SONY「WH-1000XM5」のレビューをしております。
これまで、「到着・セッティング編」「取って出しの音質編」をお届けしてきました。
その後もしばらく鳴らしてみましたが、予想通りにエイジングでの大きな印象の変化はありませんでしたので、今回は他のイヤホン、ヘッドホンとの比較をした上で、本機の立ち位置に付いて考えてみたいと思います。
先日の「取って出しの音質編」で感じた本機の音質は以下の通り。
〇音場がやや広がり、前後左右への広がりも改善された。
〇中音のボーカル帯が近くで聴こえ、張り出し具合も強くなった。
〇低音の締まりもやや向上した。
〇音の厚みが非常に増した。
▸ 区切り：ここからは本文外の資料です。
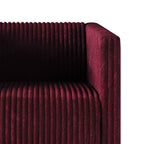 ChaletPosh Velvet Sofa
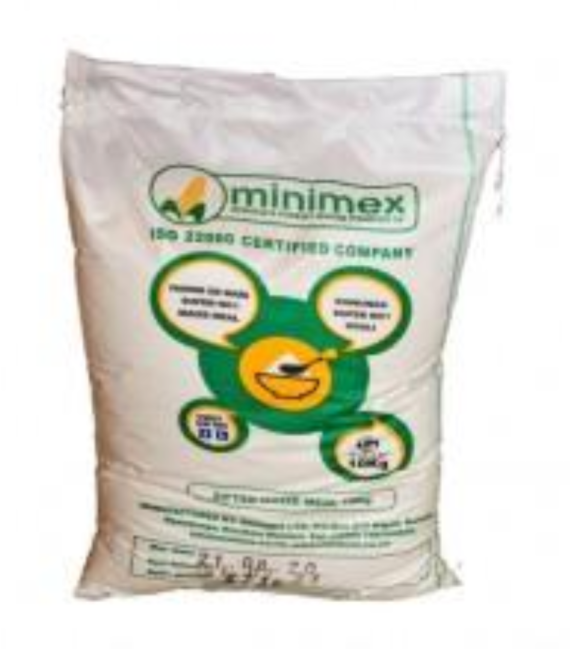 Minimex Kawunga 10kg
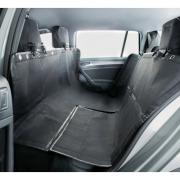 Protège-siège de voiture repliable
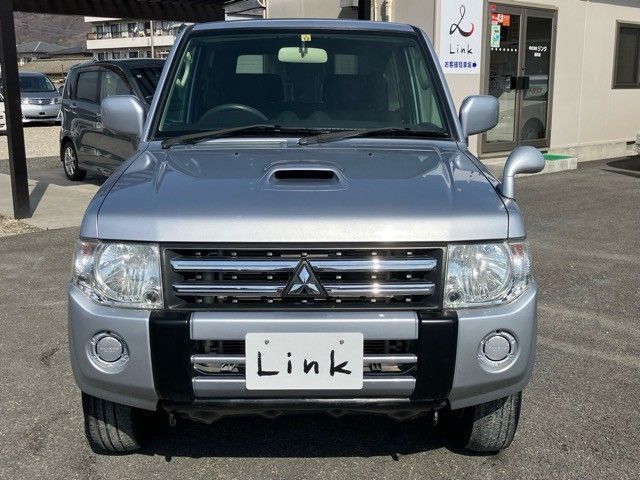 MITSUBISHI PAJERO MINI 4WD 2009 Image 31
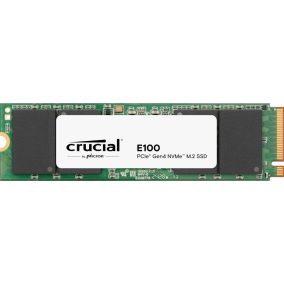 Crucial 2TB M.2 2280 NVMe E100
それでいて解像度が上がっているので、非常に良質の音として聴こえる。
△音場が広がったというものの、WF-1000XM4の方がより広い。
△特に奥行きの面でWFの方が優れており、密閉感が少ない。
△ボーカルが近すぎると感じるユーザーがいるかも…。
先代のM4に比べて非常に大きな音質向上がみられました。
特に音場が広がったことによって、先代までの小さくダマになって聴こえていた感覚がなくなりました。
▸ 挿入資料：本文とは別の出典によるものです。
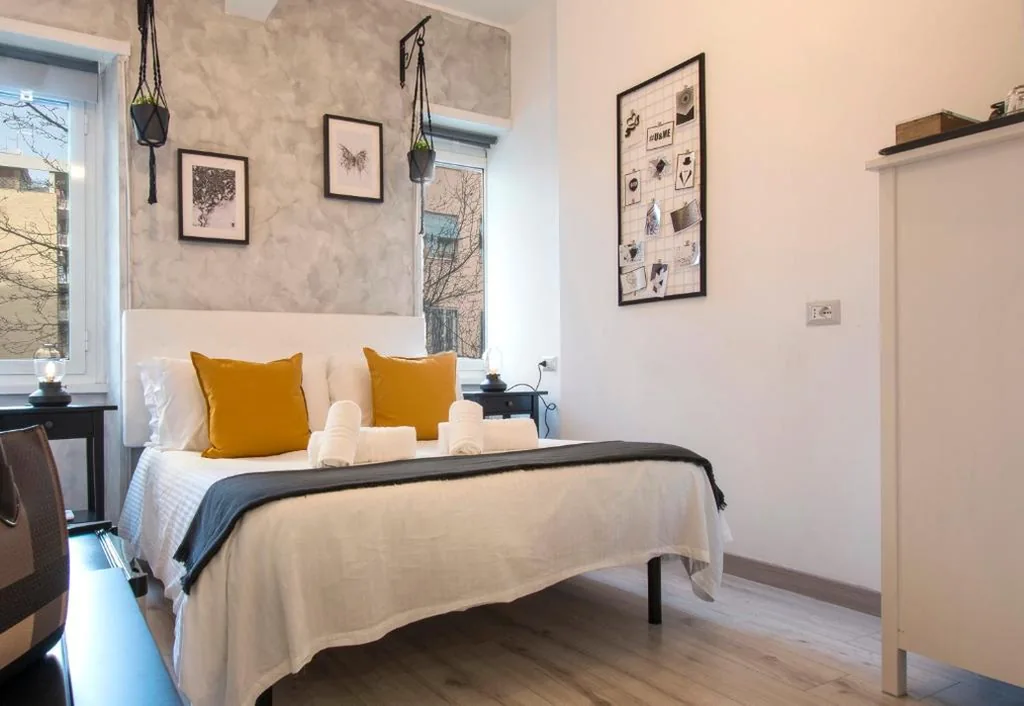 Camera Matrimoniale Deluxe con Doccia — Piccolo Hotel Boutique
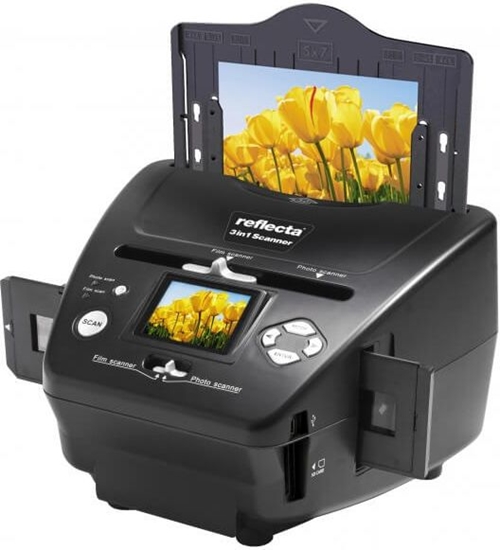 Изображение Reflecta 3 in 1 Scanner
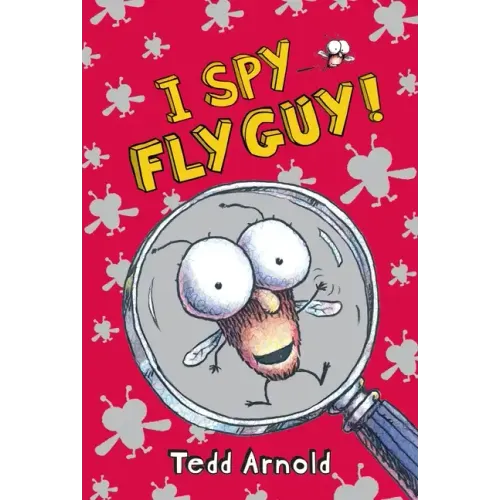I Spy Fly Guy! (Fly Guy #7): Volume 7 - Hardcover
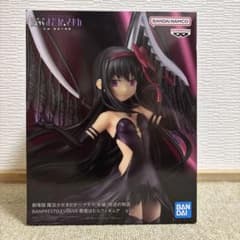 BANPRESTO EVOLVE 悪魔ほむら フィギュアのサムネイル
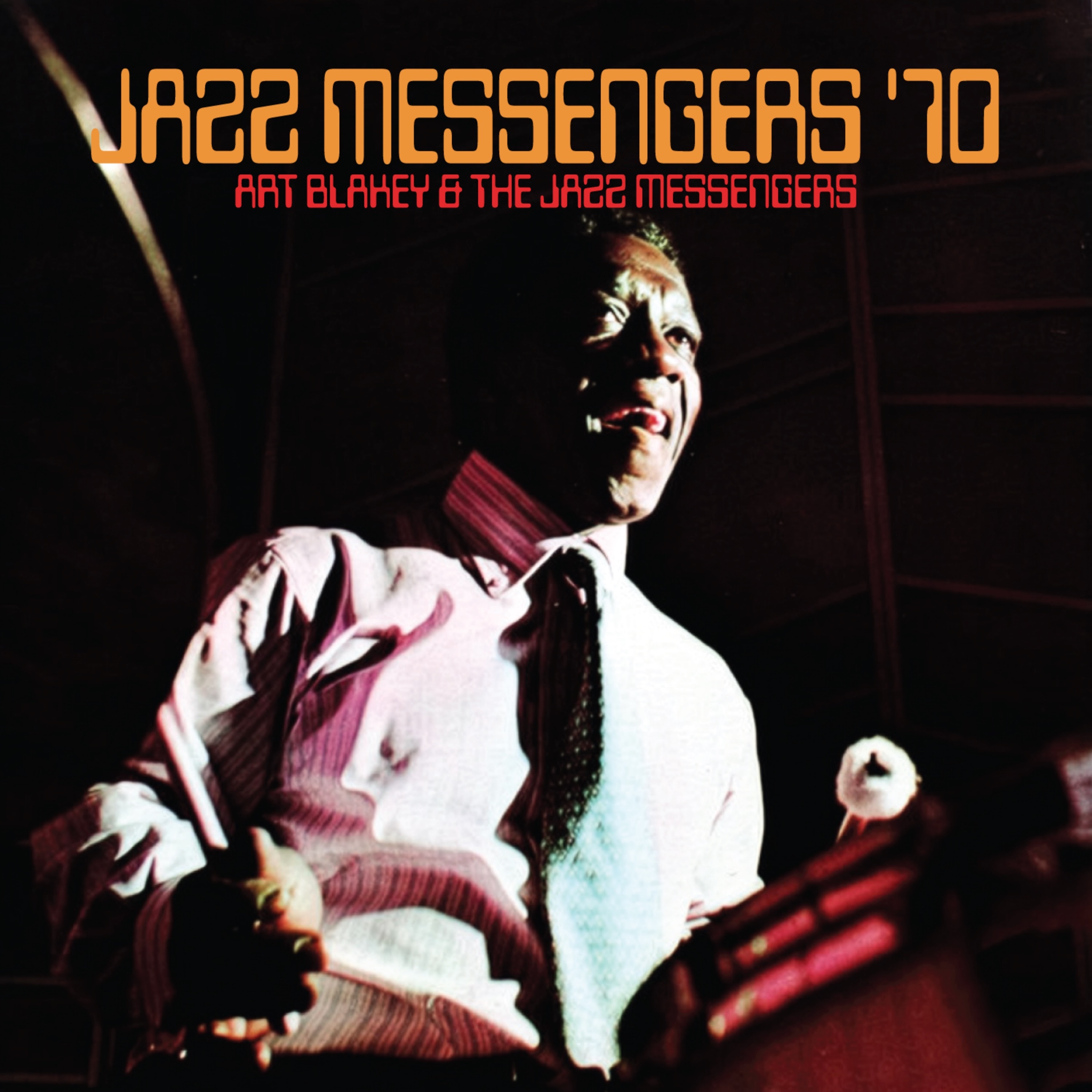 Jazz Messengers '70 album cover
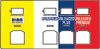 ENS0904GKC5 - 3+1 Grade Select Panel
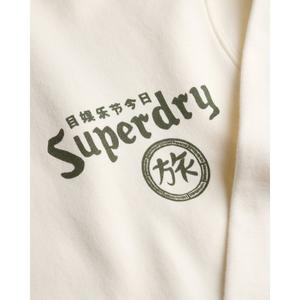 Camisola com capuz Superdry Tokyo Narrative image-2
また、それに伴うかのように音の輪郭も明瞭となり、解像感も増しました。
さらに、中音域の聴こえが近くなったことでボーカルがしっかりと主張し始めましたし、音の厚みがしっかりと感じられ、非常に上質なサウンドになりました。
「WH-1000XM5」単体としてみると、音質に関してはこれ以上ない…と感じるほどのアップデートとなっています。
後は相対的な比較です。
今回はゼンハイザー「MOMENTUM Wireless3」とイヤホンであるSONY「WF-1000XM4」との比較…という観点でまとめたと思います。
三者三様… 決め手はない
結論から言えば、
「三者それぞれに強みがあり、決め手はない。好みの問題となる」
ということです。
①WH-1000XM5
バランスが良く、最も濃厚で厚みのある音。
他の2機種に比べるとやや音場が狭く、密閉的に聴こえる。この聴こえ方が好みであれば、最善の選択となる。
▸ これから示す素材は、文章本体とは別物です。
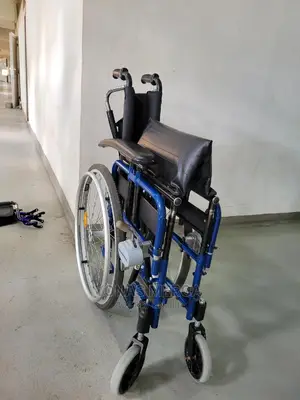 Wheelchair Made in America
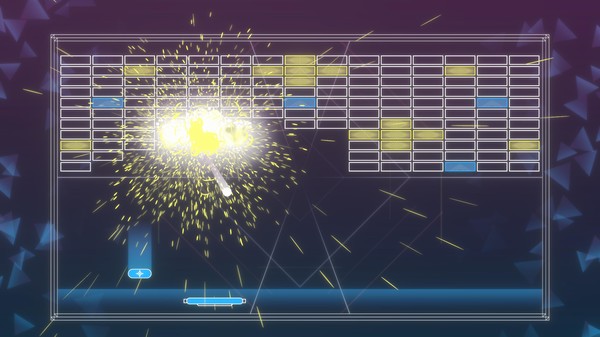 Breakout: Recharged gameplay screenshot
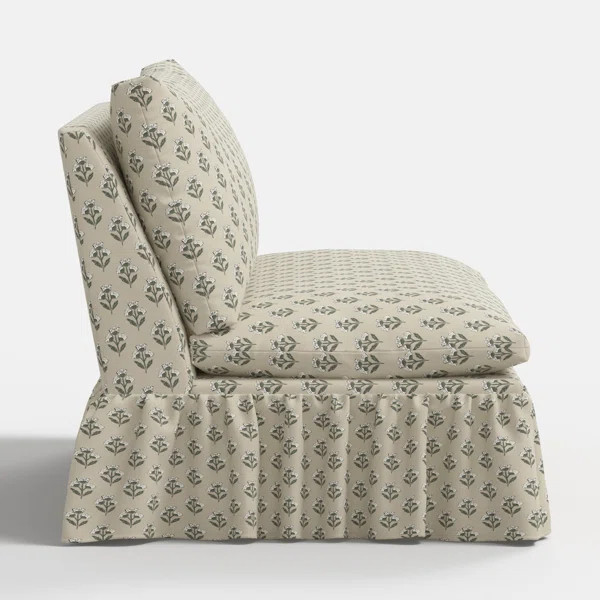 Stoffer Home x Cloth and Co. Thelma Settee | Wayfair North America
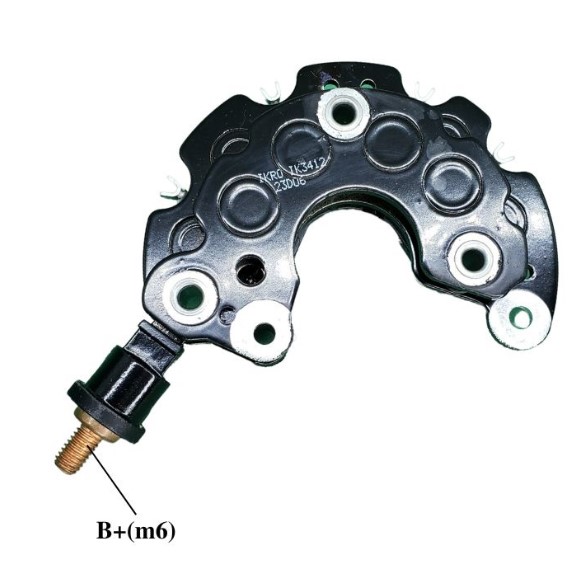 IK3412 PONTE RETIFICADORA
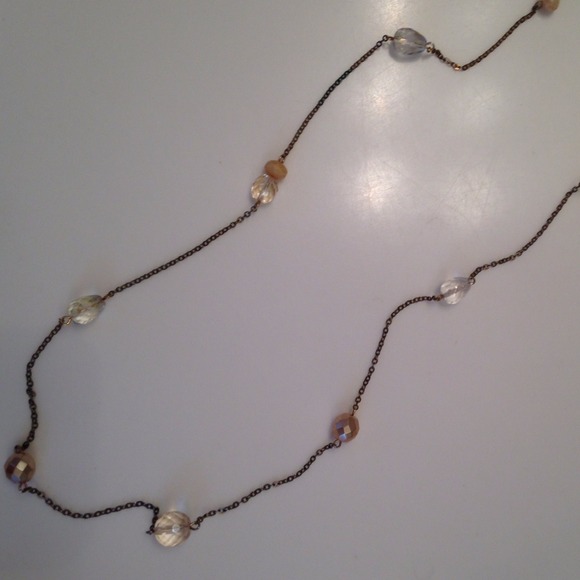 ❌SOLD❌Lovely bead necklace - Picture 3 of 4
解像感も十分で煌びやかさもあり、音の素性としては最も高い。
中音がぐっと近づいてくるが、やや近づきすぎの感も否めない。このあたりも好み次第。
フラットで開放感がそこそこということで、モニタライクなサウンドとなる。
②WF-1000XM4
音のバランスは当然WHに似通っており、非常に好ましく破綻なく鳴らす。
WHとの最大の違いは開放感。特に奥行き感が秀逸で、WHと比較すると音場が格段に広く聴こえる。
WHの密閉的な感覚が苦手であればこちらの方が幸せになれる。
WHと比べるとやや解像感で劣り、音の厚みの部分で薄さを感じる。特に中高音の部分では無理に出している感じ。しかし、あくまでもWHとの比較であり、単体として、あるいは他社製品との比較の上では非常にレベルが高く、大きな不満とはならない。
中音も近くで聴こえるが、WHよりも若干引いており、正に丁度いい!
音場の広さもあって、ボーカルを心地よく聴くのには最適である。
リスニング的に聴く上で素晴らしいイヤホンである。
③MOMENTUM Wireless3
かつては「最強」と考えていたMOMENTUM Wireless3であるが、SONYの2機種と比べると音の密度感・厚みの部分で後れをとる。
当初から感じていた「中音のボーカル帯がやや奥まっている」という感じが非常に目立つように感じた。SONY2機種が音の厚みで勝るため、中音部がますます貧弱に感じられる。
また、中・高音部のシャリ付きも感じられる。これは最新機種のイヤホン「MOMENTUM True Wireless3」でも感じられたことで、完全ワイヤレスにおけるゼンハイザーの弱点。
反面、「空間作り」はさすがの一言。
最も音場が広く、立体感は最強。それ故中音域の弱さが非常に悔やまれるが、雰囲気重視で聴きたいのであれば最良の選択になり得る。
また、SONYもかなり艶のある艶めかしい音を出せるようになってきているが、この面ではゼンハイザーの圧勝。
その分、本質的な音質とのギャップが目立つようになってきてしまっているが、リスニング用途として好みであれば十分に戦える性能をもつ。
以上、はっきり言って決め手はありません。
本当に好みの問題。
後は、「MOMENTUM Wireless3」の後継機に期待ですね。
現在の音場の強さを活かし、中・高音部のシャリ付きを抑える形で新型を出してくれたら、正に最強のノイキャンヘッドホンになることでしょう。